* **Data for this exercise**:
---------------
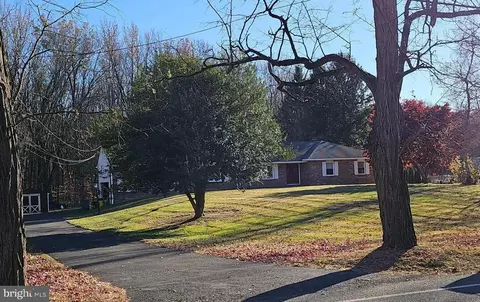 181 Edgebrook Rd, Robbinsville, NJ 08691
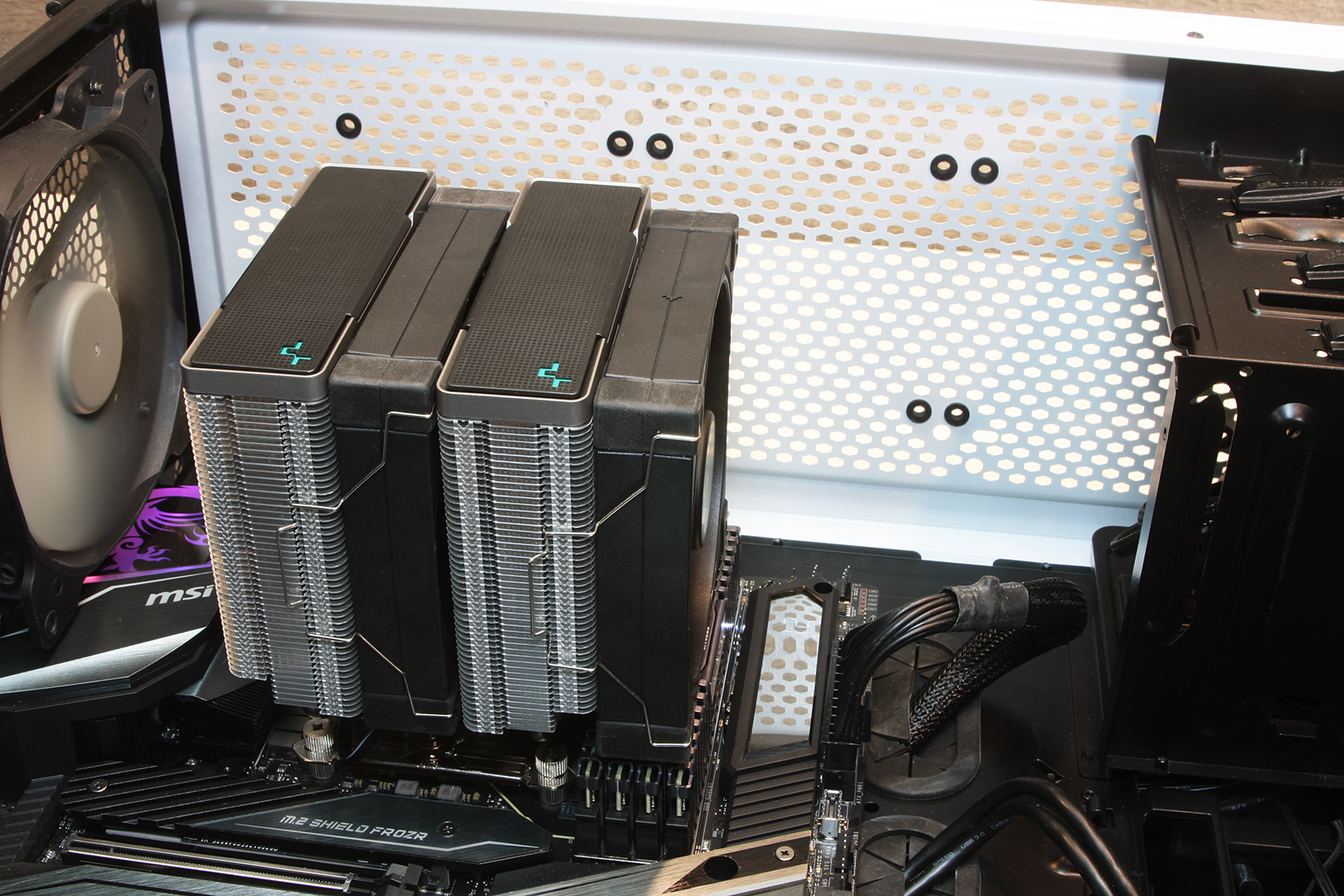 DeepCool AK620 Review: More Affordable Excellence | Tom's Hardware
---------------
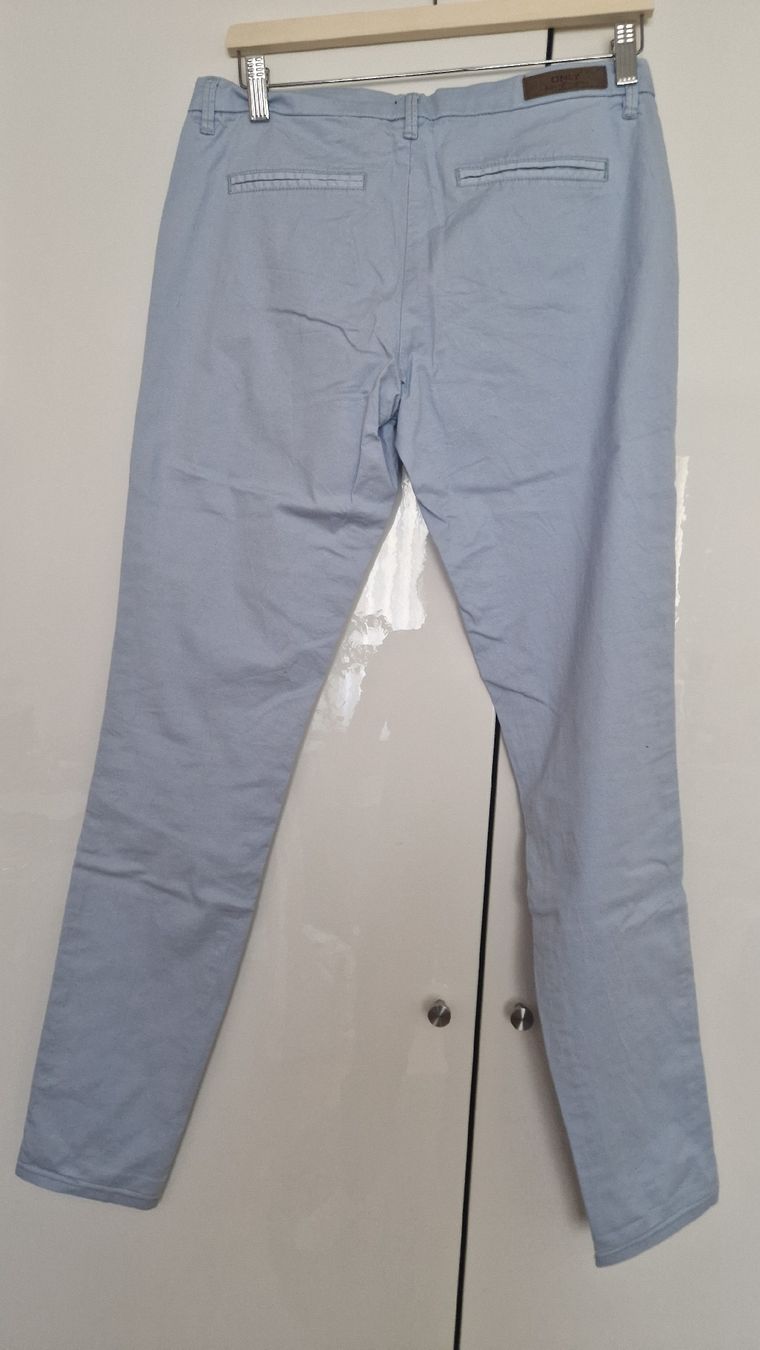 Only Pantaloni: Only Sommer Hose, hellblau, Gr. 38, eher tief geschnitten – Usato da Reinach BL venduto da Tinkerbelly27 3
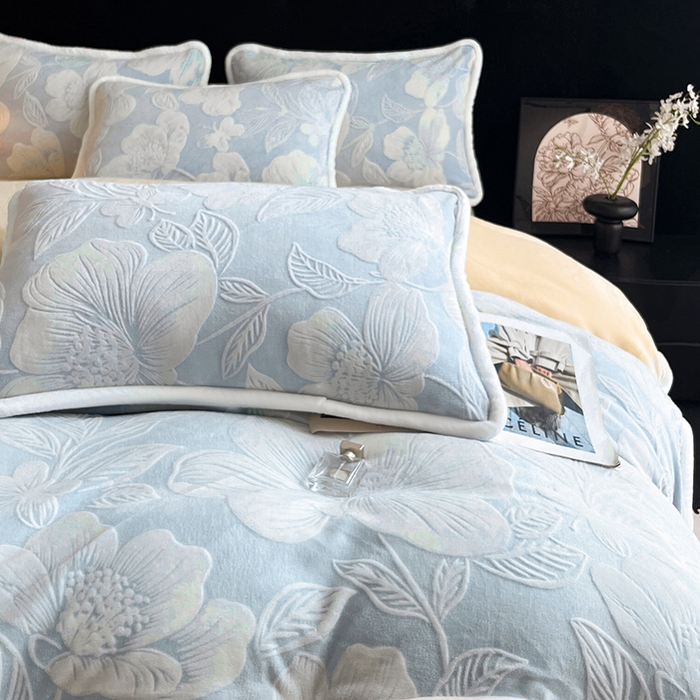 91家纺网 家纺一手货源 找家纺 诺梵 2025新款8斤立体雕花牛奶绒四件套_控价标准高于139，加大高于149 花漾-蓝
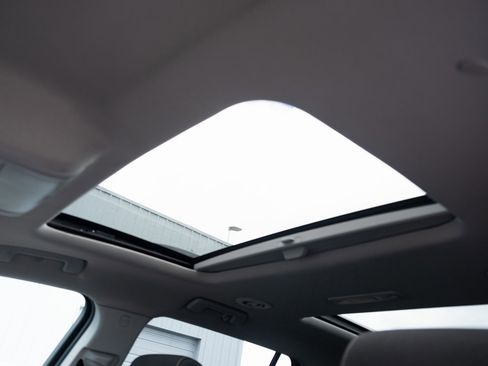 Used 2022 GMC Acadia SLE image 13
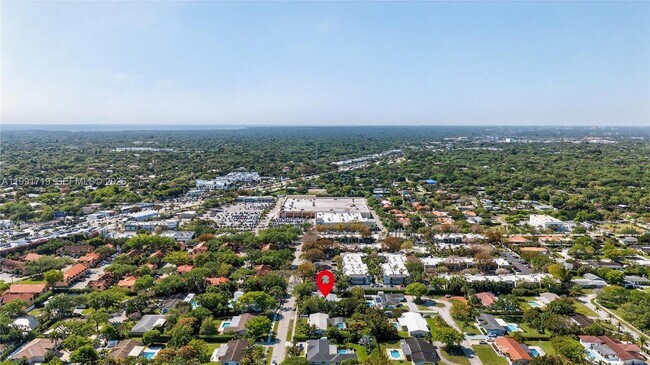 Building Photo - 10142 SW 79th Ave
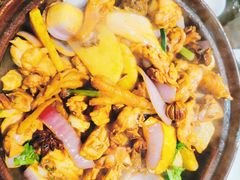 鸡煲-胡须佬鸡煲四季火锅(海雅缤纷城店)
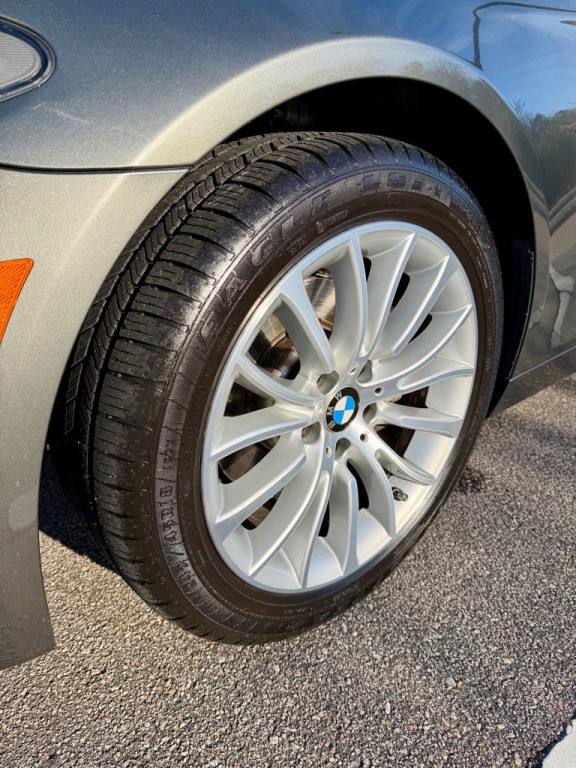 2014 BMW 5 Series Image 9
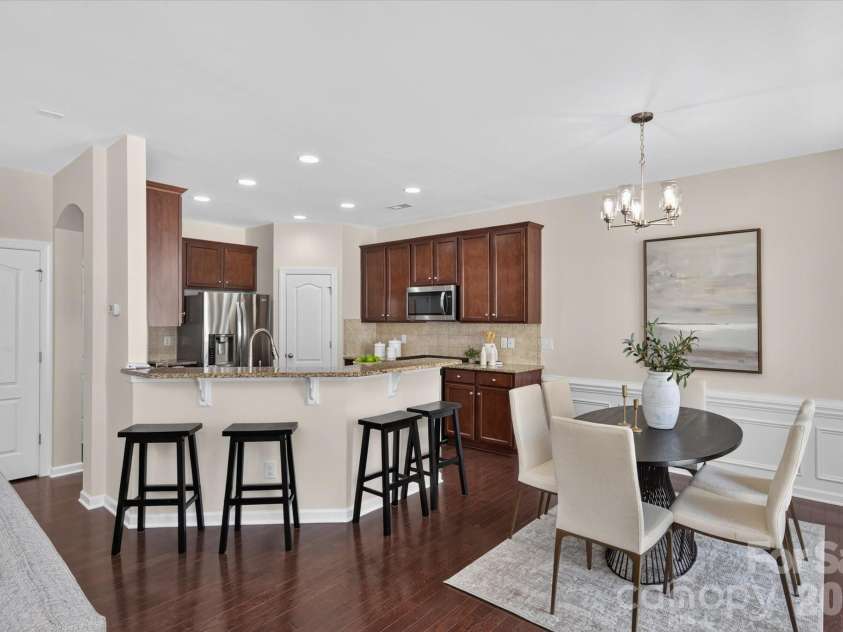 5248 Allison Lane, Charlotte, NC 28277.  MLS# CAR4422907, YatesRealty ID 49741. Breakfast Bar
---------------
* **Work instruction**: Copy exactly the lines of the listing above between the one holding "鸡煲-胡须佬鸡煲四季火锅(海雅缤纷城店)" and the one holding "5248 Allison Lane, Charlotte, NC", inclusive; omit all pictures.

* **Your response**:
 鸡煲-胡须佬鸡煲四季火锅(海雅缤纷城店)
 2014 BMW 5 Series Image 9
 5248 Allison Lane, Charlotte, NC 28277.  MLS# CAR4422907, YatesRealty ID 49741. Breakfast Bar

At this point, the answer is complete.